Work instruction:
Would you repeat word for word the lines of the listing that follows, from the one with "Aura OG Snowboard Boot in Black | Vans" up to and including the one with "Garsoniera de vanzare", and leave out the images?

Source material:
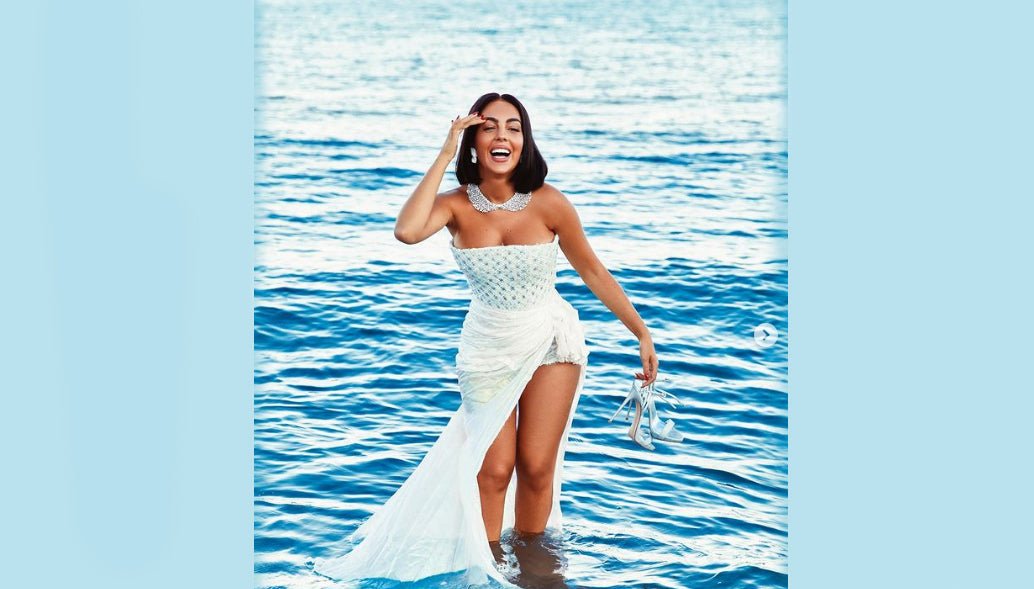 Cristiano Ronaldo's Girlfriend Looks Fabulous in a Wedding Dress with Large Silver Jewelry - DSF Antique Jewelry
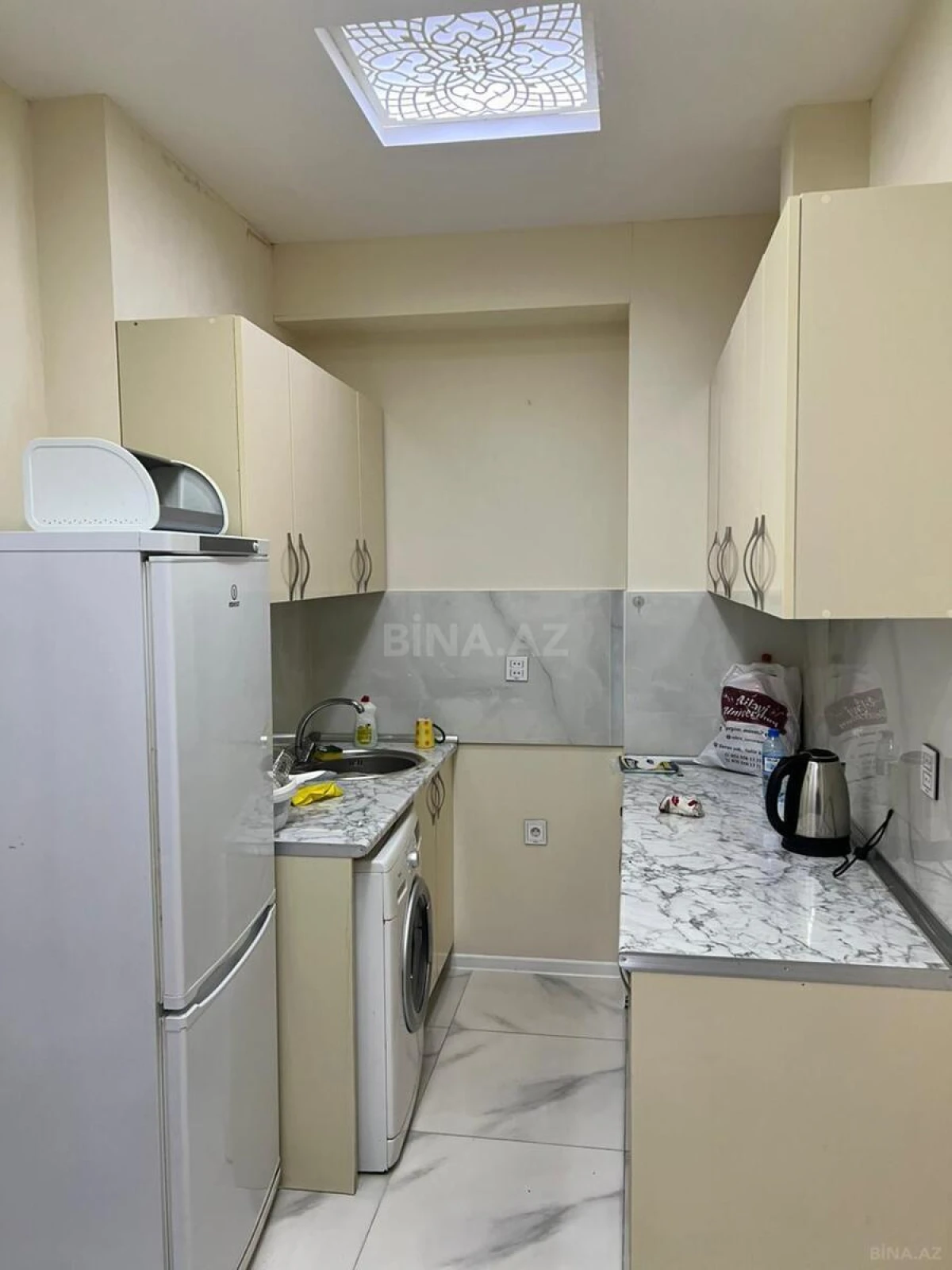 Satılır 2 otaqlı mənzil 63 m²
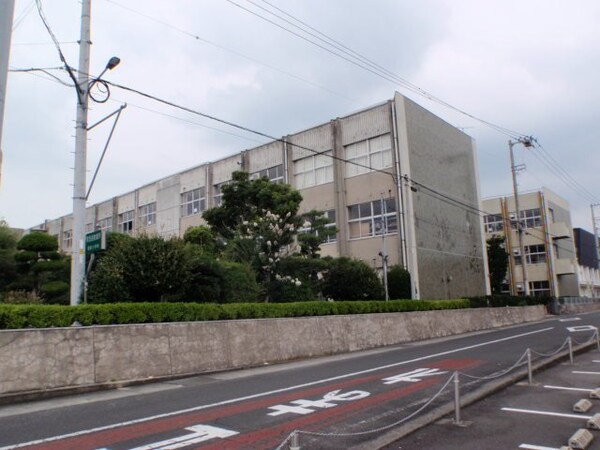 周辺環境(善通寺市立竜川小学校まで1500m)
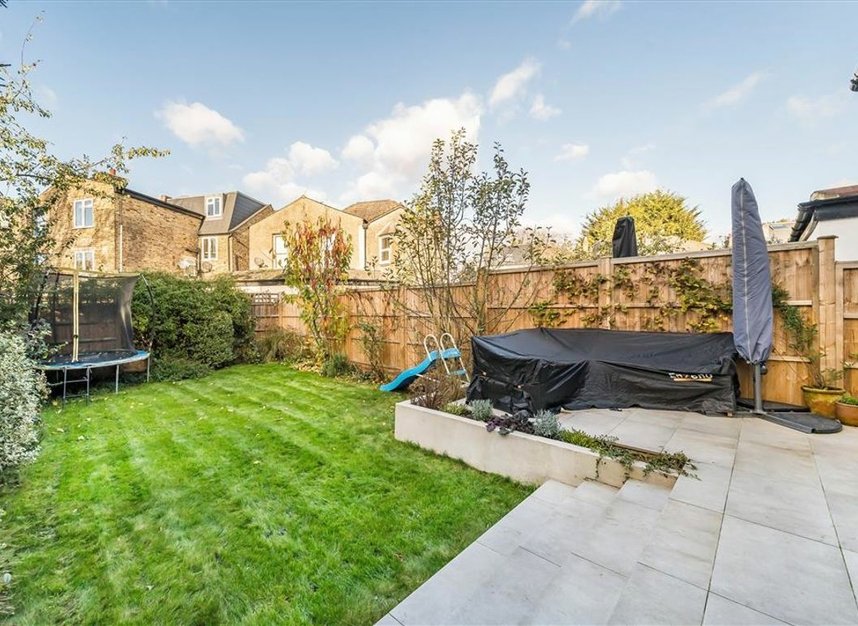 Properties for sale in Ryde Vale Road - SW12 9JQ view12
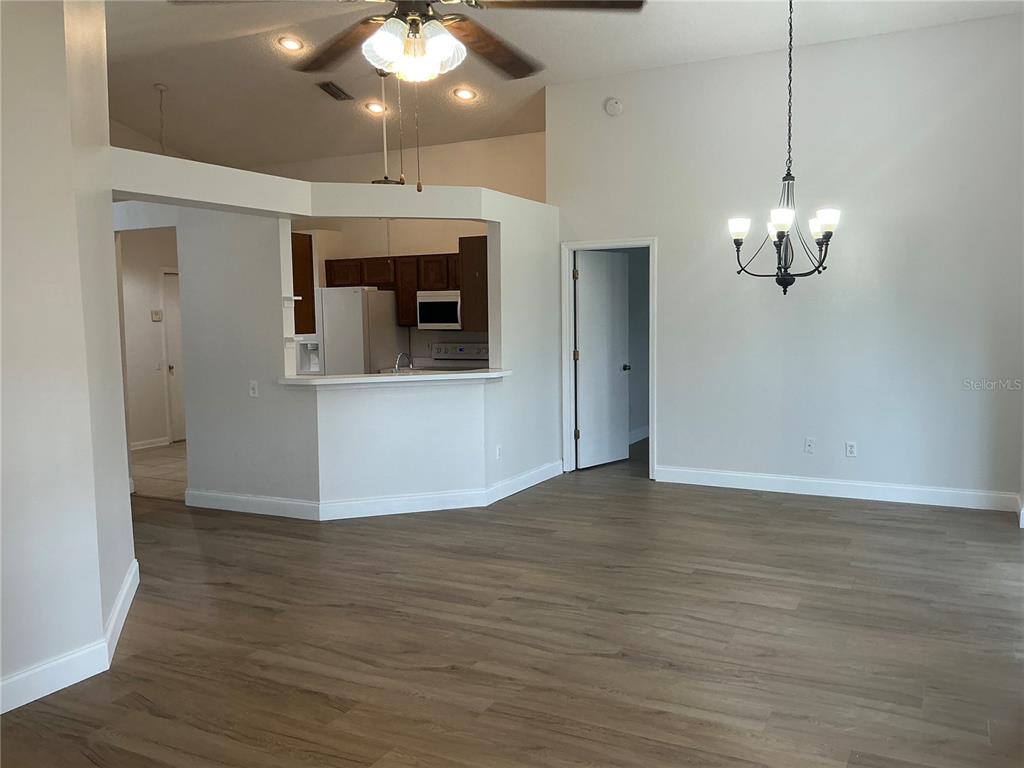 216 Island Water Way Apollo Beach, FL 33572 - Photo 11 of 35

--

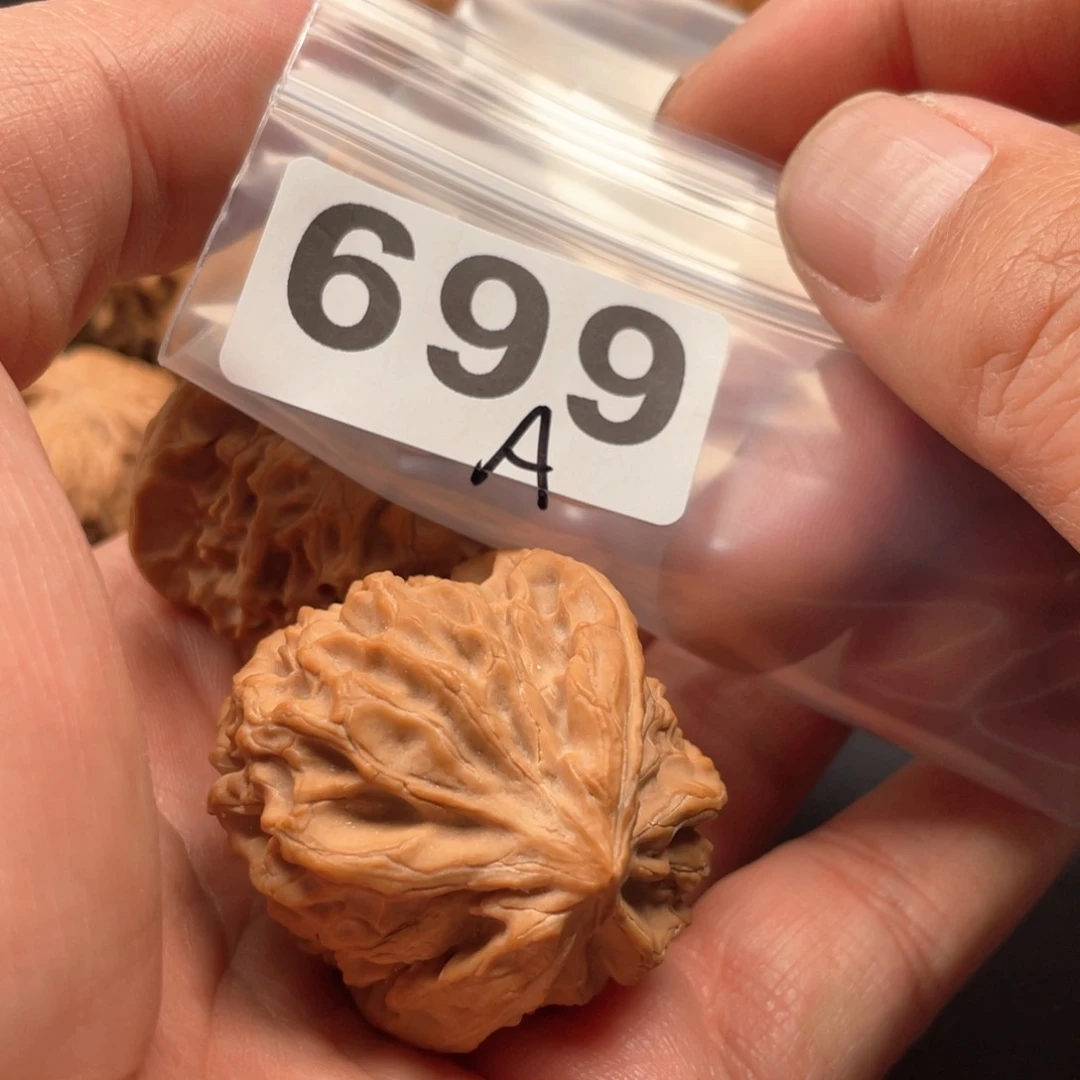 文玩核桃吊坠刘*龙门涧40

--

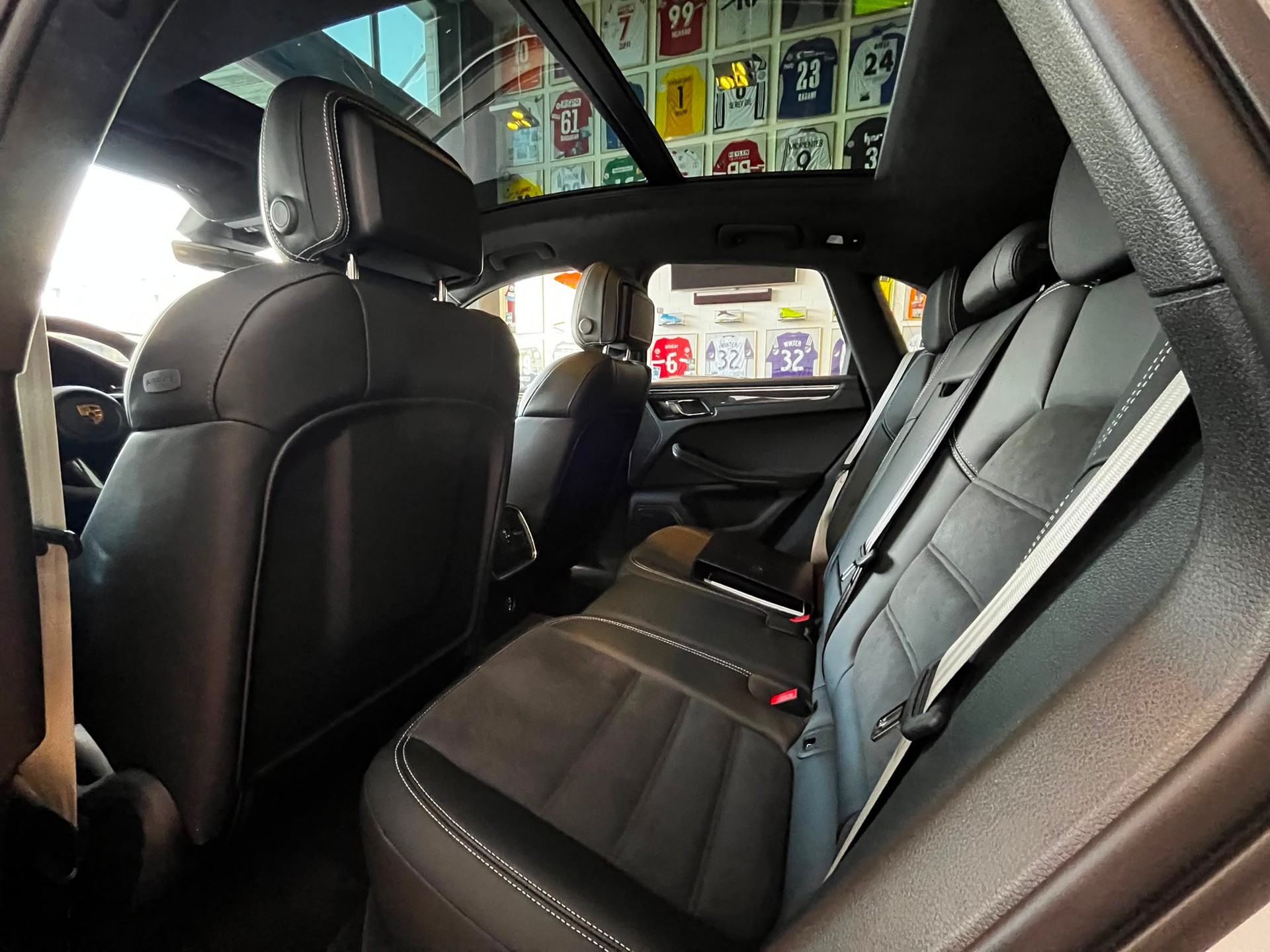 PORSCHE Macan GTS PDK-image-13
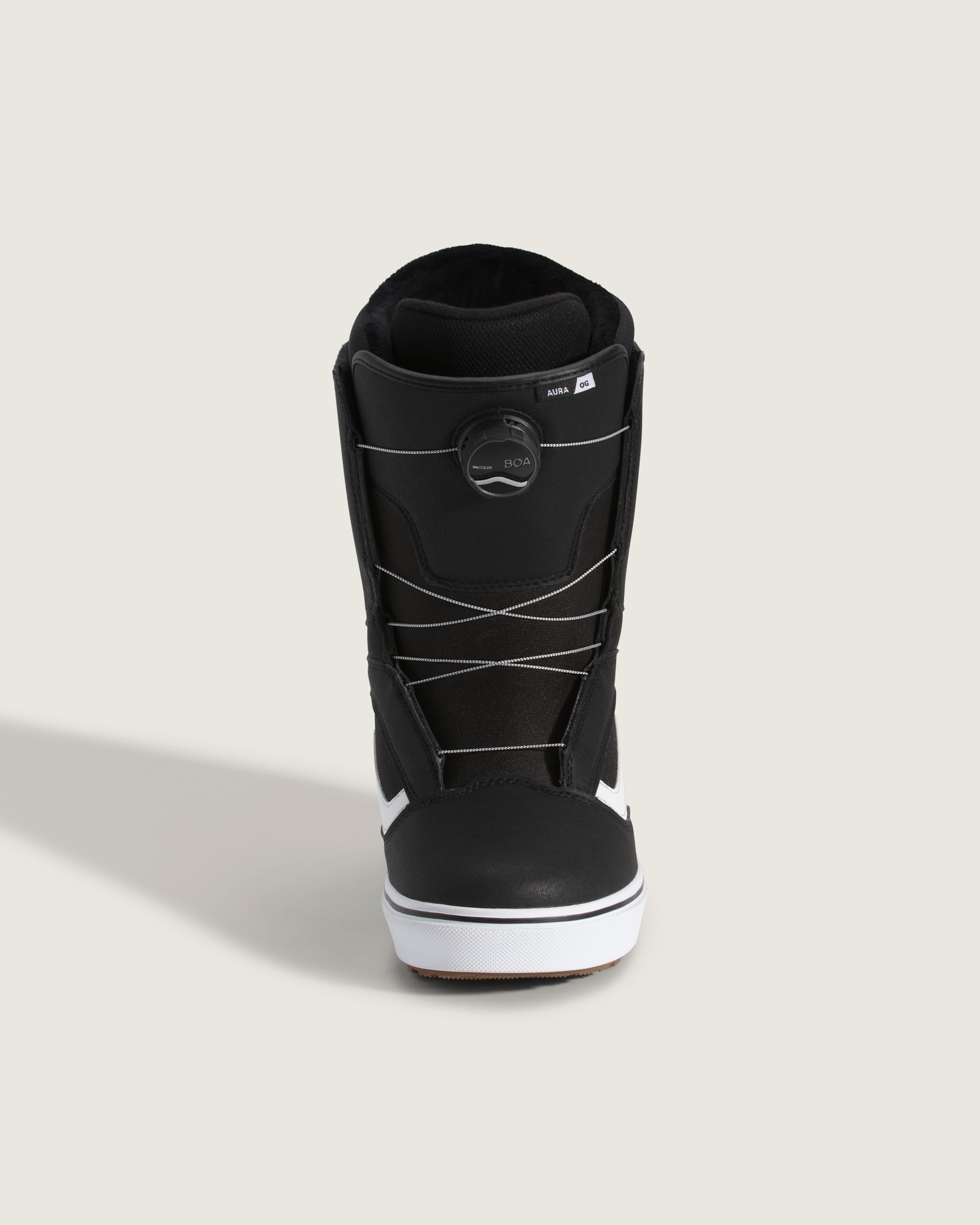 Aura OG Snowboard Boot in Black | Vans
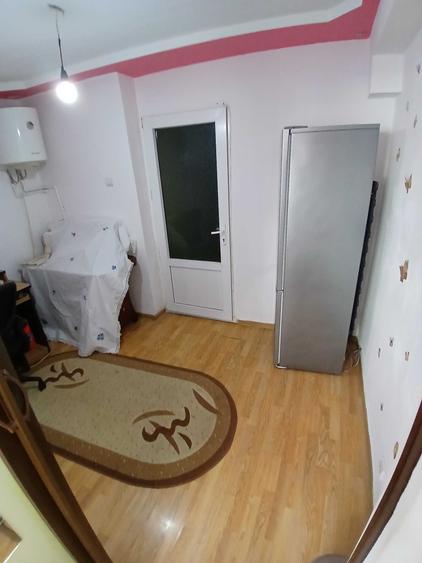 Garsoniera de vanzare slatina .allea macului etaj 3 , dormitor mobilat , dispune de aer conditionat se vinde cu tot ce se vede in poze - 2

Written response:
 Aura OG Snowboard Boot in Black | Vans
 Garsoniera de vanzare slatina .allea macului etaj 3 , dormitor mobilat , dispune de aer conditionat se vinde cu tot ce se vede in poze - 2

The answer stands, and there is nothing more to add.